Le 4 avril 1968, le pasteur noir opposé à la guerre du Vietnam, Marin Luther King tombait sous la balle d’un tireur d’élite. Une seule balle avait suffit. Cinquante plus tard, la lumière n’a toujours pas été faite sur les responsables de cet assassinat. James Earl Ray reconnu coupable du coup de feu n’a jamais eu de procès véritable. Il a toujours nié être l’auteur du coup de fusil même si, vraisemblablement, il a participé à la préparation de ce meurtre.
Roger Martin, spécialiste de la face cachée des États-Unis, s’est à son tour penché sur les documents dont certains ont été rendus publics, souvent caviardés. « Le Rêve brisé » – le titre fait référence au discours le plus célèbre de King, « I have a dream », titre aussi d’un blues écrit par le poète Big Bill Broonzy – est celui à la fois de Martin Luther King et, surtout, de toute une jeunesse qui voulait construire une autre Amérique.
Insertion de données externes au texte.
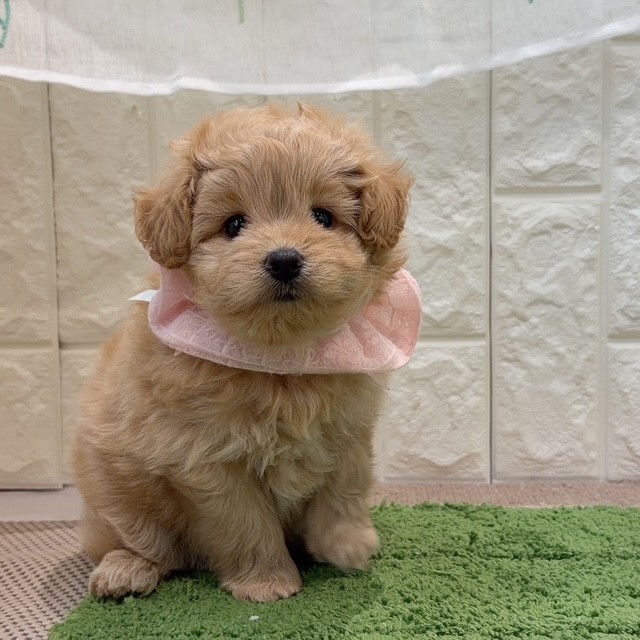 岡山県のポメプー(ポメラニアン×プードル) (犬の家＆猫の里倉敷店/2026年8月7日生まれ/女の子/アプリコット)の子犬の3枚目の画像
Même si la thèse du complot est un peu trop dans l’air du temps, il n’empêche que les interrogations que Roger Martin accumule donnent à douter de la thèse officielle. La révolution russe alimentera la peur de l’alliance entre communisme et radicalité des Africains-Américains toujours nommés « Nègres » dans tous les rapports du FBI. La « guerre froide » aura comme effet de grossir les rangs du parti communiste d’informateurs du FBI. La peur conjuguée du Noir et du Rouge alimentera les dossiers du FBI. La collusion avec les Ku-Klux-Klan et les groupes fascistes ou nazis est une autre réalité de cette société dominée par le racisme. Les policiers noirs subissent des brimades et lorsqu’ils ont un grade, ils ne sont pas obéis des policiers blancs. John Edgar Hoover, le directeur du FBI, cible les Africains-Américains, les homosexuels et les communistes. La lutte contre la pègre ne fait pas partie de ses objectifs.
De là à penser que le FBI a, au moins, permis cet assassinat est une hypothèse à prendre en compte. Comme pour le meurtre, un peu plus tard, de Robert Kennedy quasi assuré d’être élu président qui s’est opposé à Hoover.
L’intérêt de cette enquête, au-delà de King est de dresser une sorte de cartographie de cette Amérique des années 20 aux années 60, une manière de mêler centenaire – celui de la Première Guerre Mondiale, la Révolution russe, du premier disque de jazz – et cinquantenaire.
Roger Martin insiste sur le dernier discours de King qui prend position non seulement pour les droits civiques, contre la guerre du Vietnam mais aussi sur le combat unifié, social contre cette société capitaliste. Lorsque Malcom X a rompu avec la « Nation of Islam » pour un discours politique d’ensemble, anti-impérialiste, il est devenu l’homme à abattre. Référence nécessaire pour comprendre le contexte de cette année 1968, année de radicalisation de la jeunesse et des grandes luttes sociales.
Il faut se plonger dans ce dossier même s’il semble quelquefois rébarbatif. Pour fêter, comme il se doit, ce cinquantenaire loin de toute commémoration.
Nicolas Béniès
« Le Rêve brisé. Il y a cinquante ans tombait Marin Luther King », Roger Martin, De Borée éditions/ Histoire et Documents.